Collected data
================================

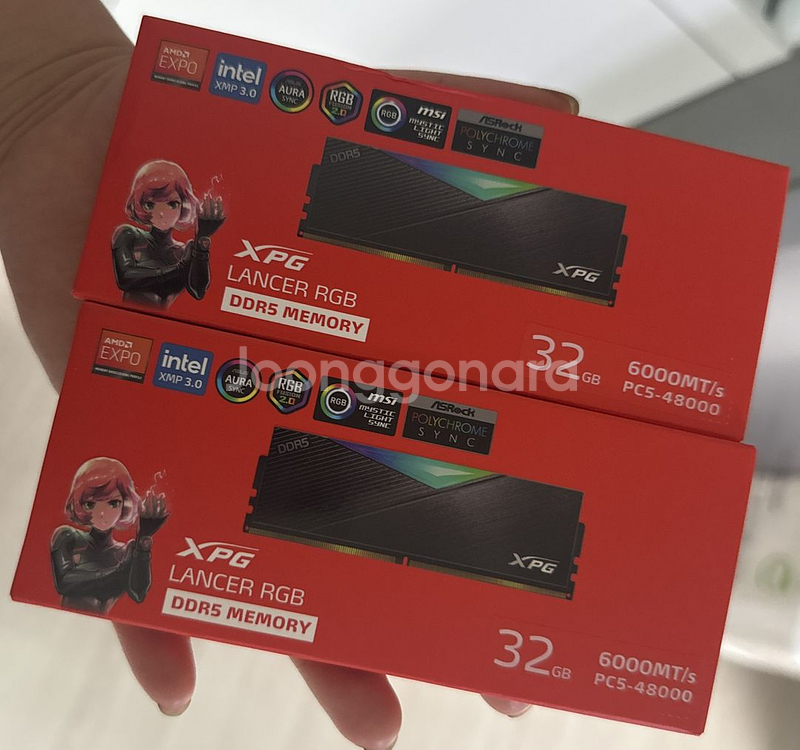 메모리)ADATA 램 64기가 새상품 싸게판매합니다!--1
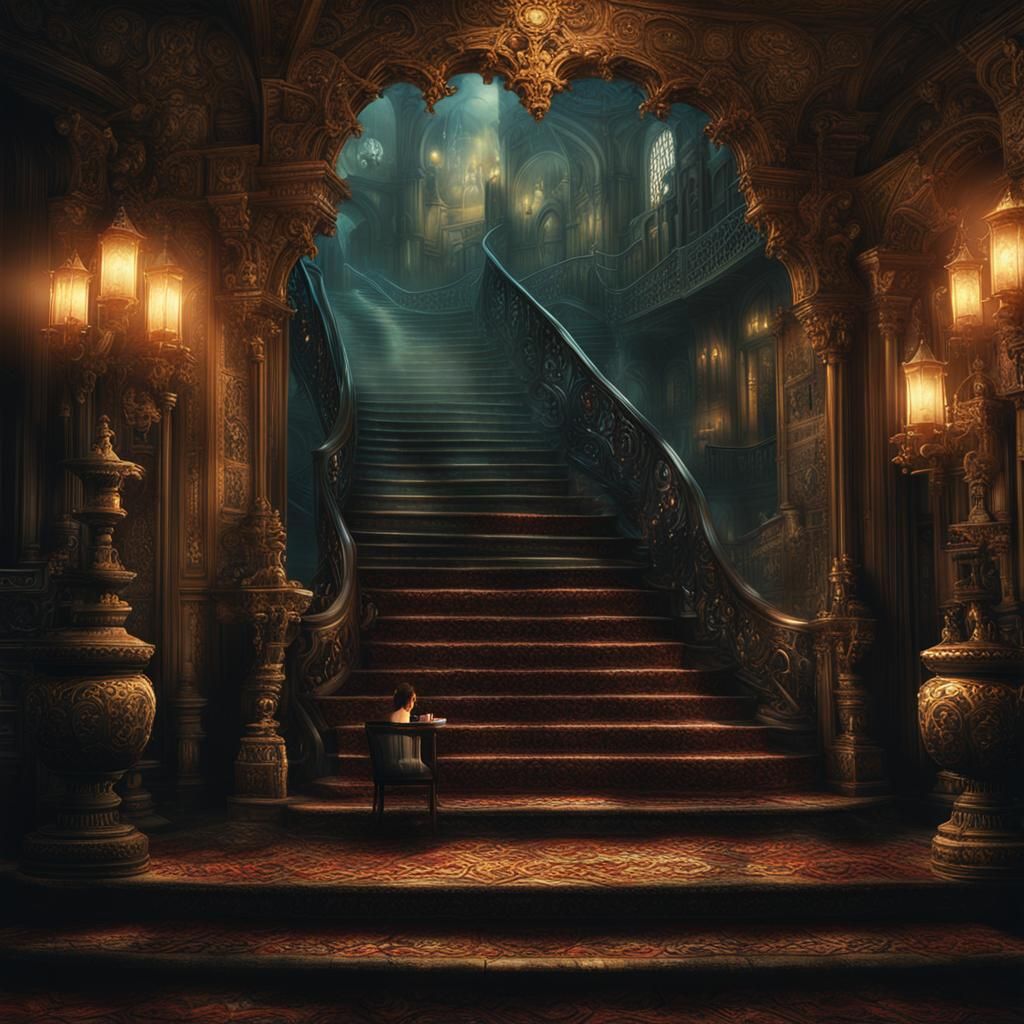 Dramatic Standoff in Digital Matte Painting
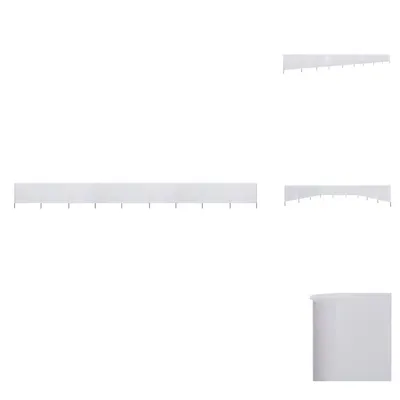 Image de vidaXL Tissu de protection contre le vent 9 pièces 1200 x 160 cm Blanc sable - Parasols et ombrelles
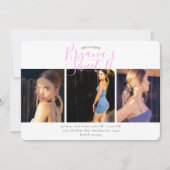 Minimal Foto Sweet 16 Geburtstagsparty Einladung (Vorderseite)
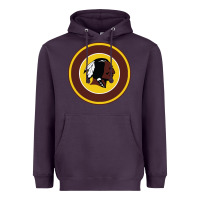 Plum the indian red skins clasic Heavyweight Hoodie - PixelFlow
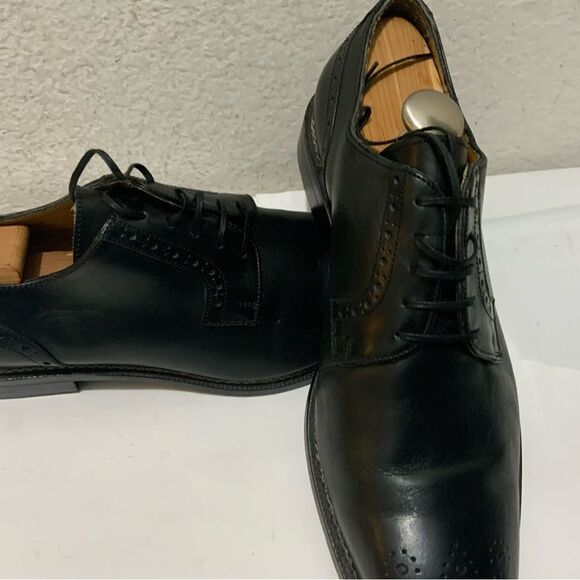 Jose Real BLACK - VERO CUOIO  Italian Leather Mens Shoes size  46 lace up main image 4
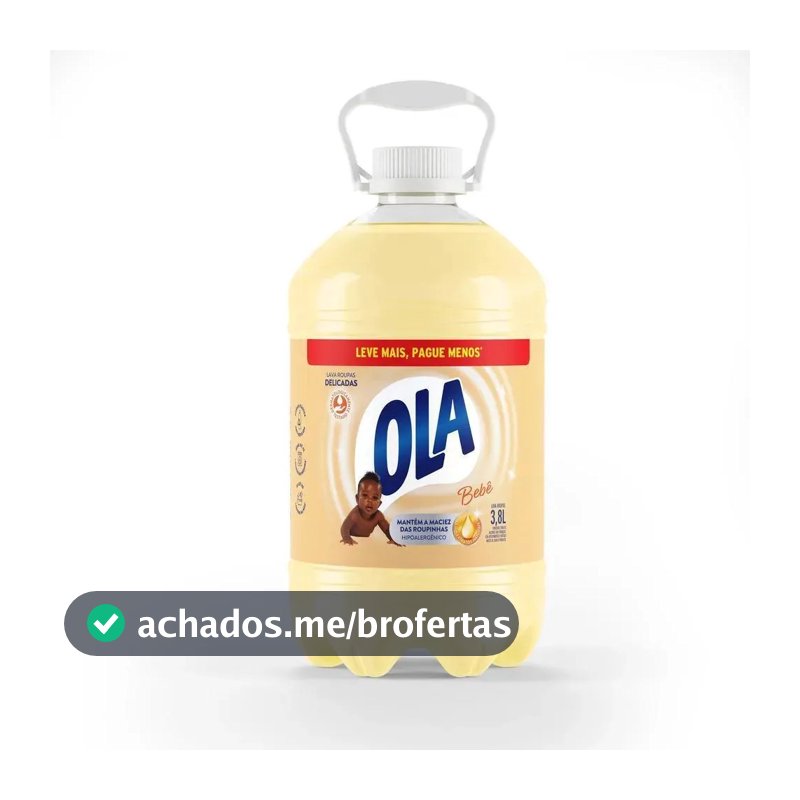 Lava Roupas Ola Bebê 3,8l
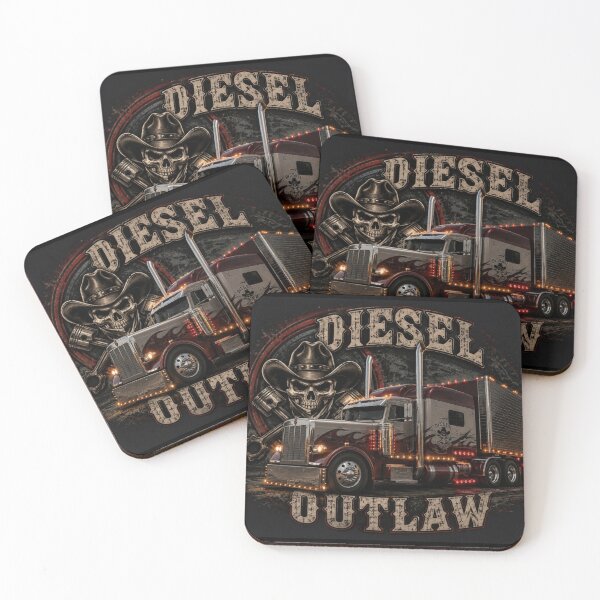 Item preview, Diesel Outlaw – Chrome Rebel Semi Truck | Big Rig Trucker Shirt designed and sold by Diesel outlaw .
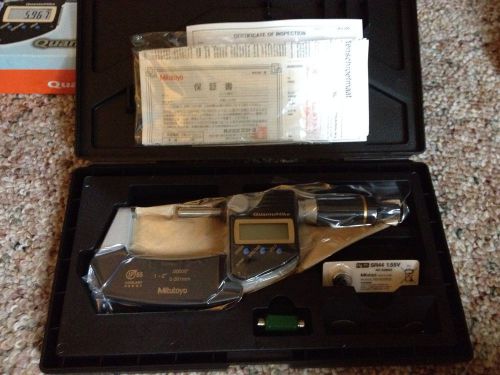 Mitutoyo Digimatic Micrometer 1-2&#034; 293-186 QuantumMike Brand New Never Opened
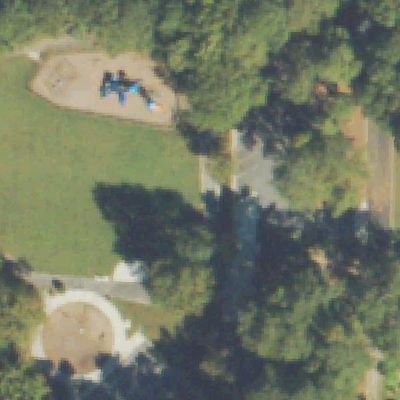 Aerial view of William McKinley Peters Park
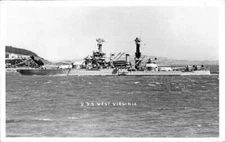 United States Navy Battleship USS West Virginia SHIPPING NAVAL OLD PHOTO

================================

◆ Task statement ◆
Would you reproduce the lines from the one with "Jose Real BLACK" through the final line of the data above, exactly and only those, without any pictures?

◆ Result for this task ◆
 Jose Real BLACK - VERO CUOIO  Italian Leather Mens Shoes size  46 lace up main image 4
 Lava Roupas Ola Bebê 3,8l
 Item preview, Diesel Outlaw – Chrome Rebel Semi Truck | Big Rig Trucker Shirt designed and sold by Diesel outlaw .
 Mitutoyo Digimatic Micrometer 1-2&#034; 293-186 QuantumMike Brand New Never Opened
 Aerial view of William McKinley Peters Park
 United States Navy Battleship USS West Virginia SHIPPING NAVAL OLD PHOTO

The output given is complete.